Task description: The line containing "Simplified Chinese Gem" and every line after it, through the end of the records below, are to be reproduced exactly, with the pictures left out.

Source records
..............................

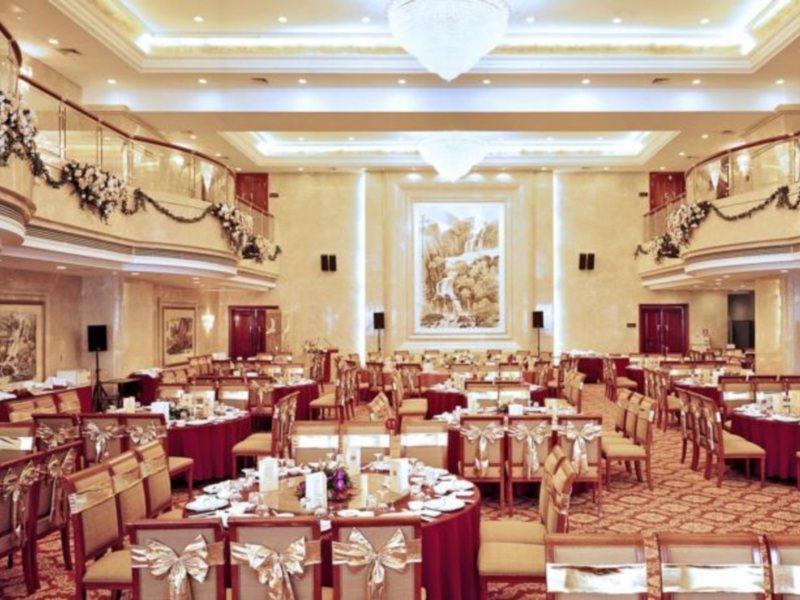 Xinhai Jin Jiang Hotel Пекин Экстерьер фото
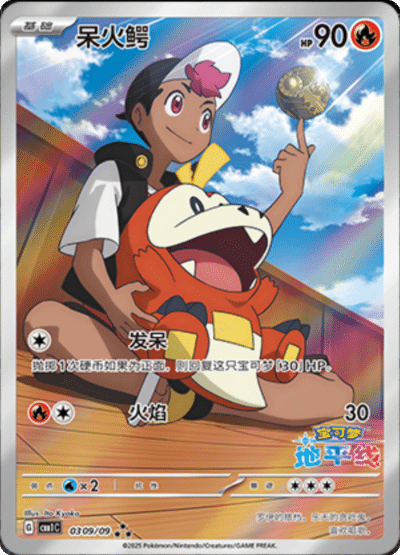 Simplified Chinese Gem Pack Vol.1 - Booster Box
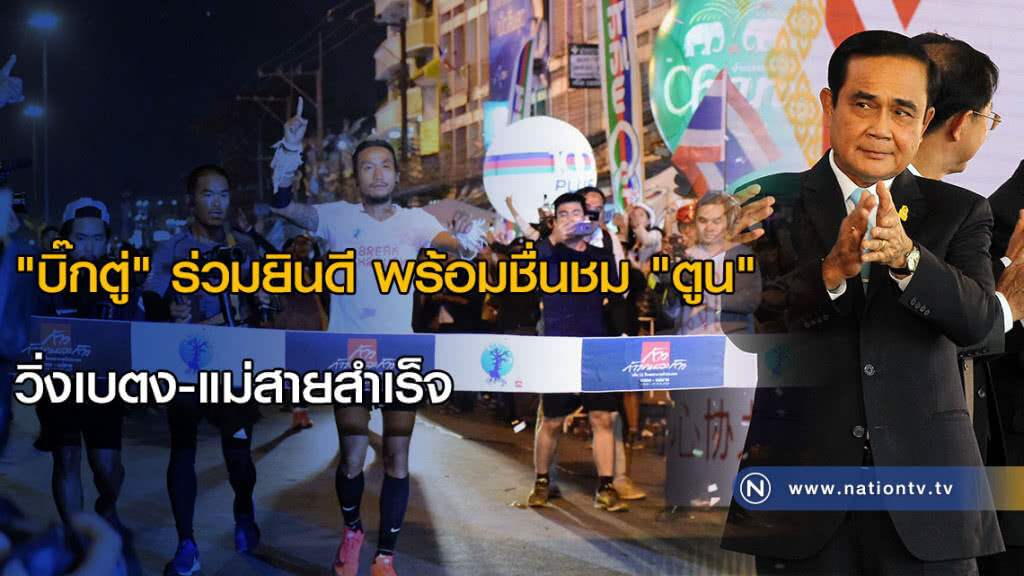 "บิ๊กตู่" ร่วมยินดี พร้อมชื่นชม "ตูน" วิ่งเบตง-แม่สายสำเร็จ "บิ๊กตู่" ร่วมยินดี พร้อมชื่นชม "ตูน" วิ่งเบตง-แม่สายสำเร็จ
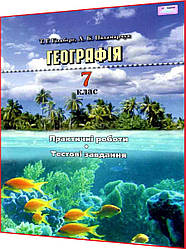 7 клас. Географія. Практичі роботи, тестові завдання. Гільберг. Грамота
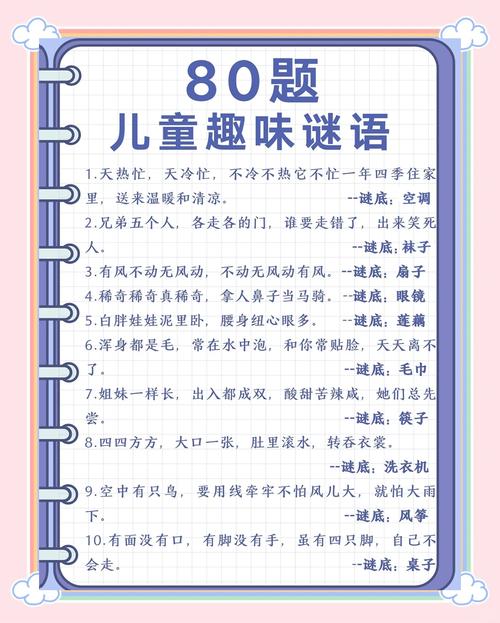 3到6岁儿童谜语大全，如何选适龄谜语开发孩子语言与思维？-第3张图片-郑州医学网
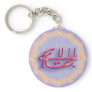 Greatest Name Key Chain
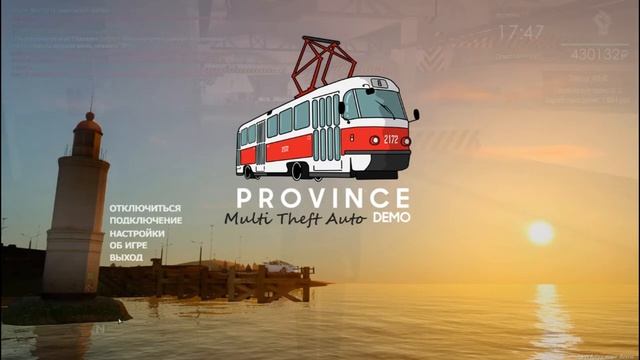 МТА Провинция №4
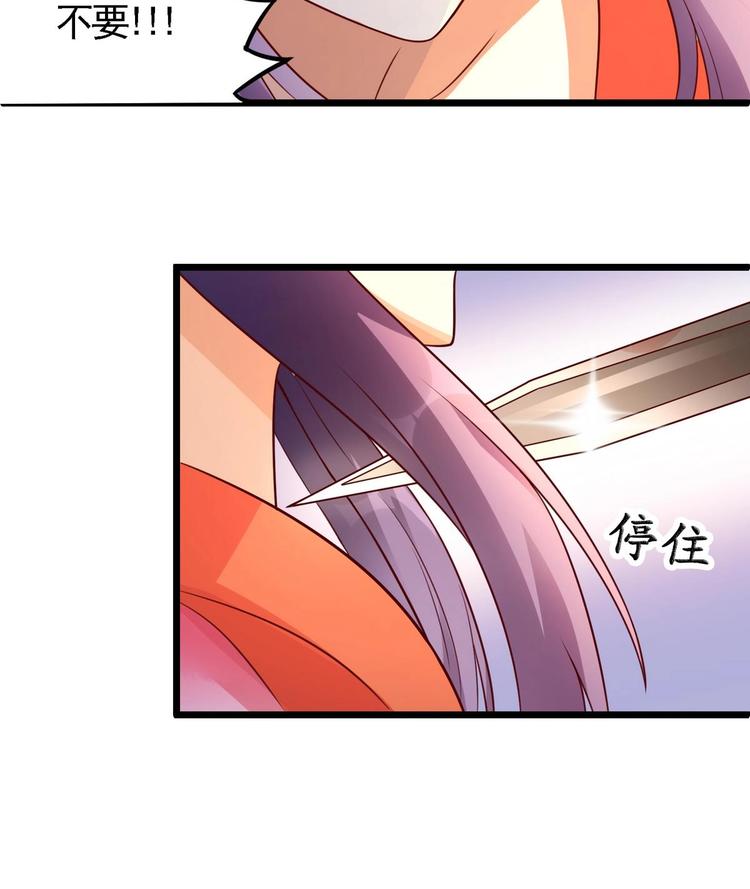 第2话 误闯皇宫-第2话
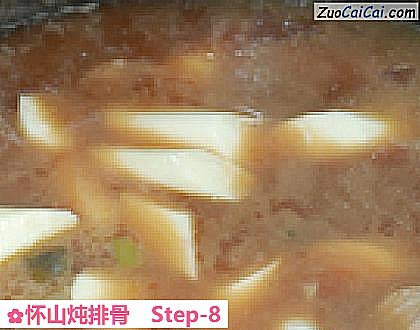 怀山炖排骨做法第八步骤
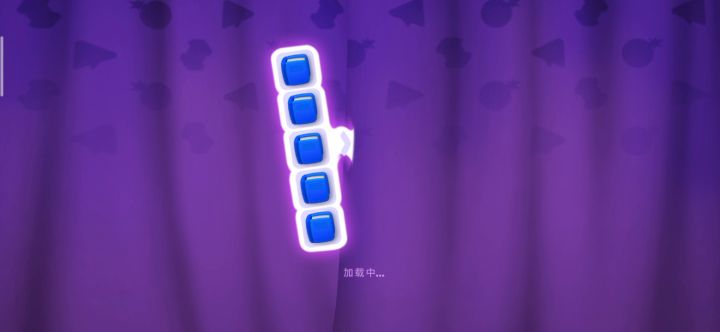 梦幻家园之关卡232截图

..............................

Response box:
 Simplified Chinese Gem Pack Vol.1 - Booster Box
 "บิ๊กตู่" ร่วมยินดี พร้อมชื่นชม "ตูน" วิ่งเบตง-แม่สายสำเร็จ "บิ๊กตู่" ร่วมยินดี พร้อมชื่นชม "ตูน" วิ่งเบตง-แม่สายสำเร็จ
 7 клас. Географія. Практичі роботи, тестові завдання. Гільберг. Грамота
 3到6岁儿童谜语大全，如何选适龄谜语开发孩子语言与思维？-第3张图片-郑州医学网
 Greatest Name Key Chain
 МТА Провинция №4
 第2话 误闯皇宫-第2话
 怀山炖排骨做法第八步骤
 梦幻家园之关卡232截图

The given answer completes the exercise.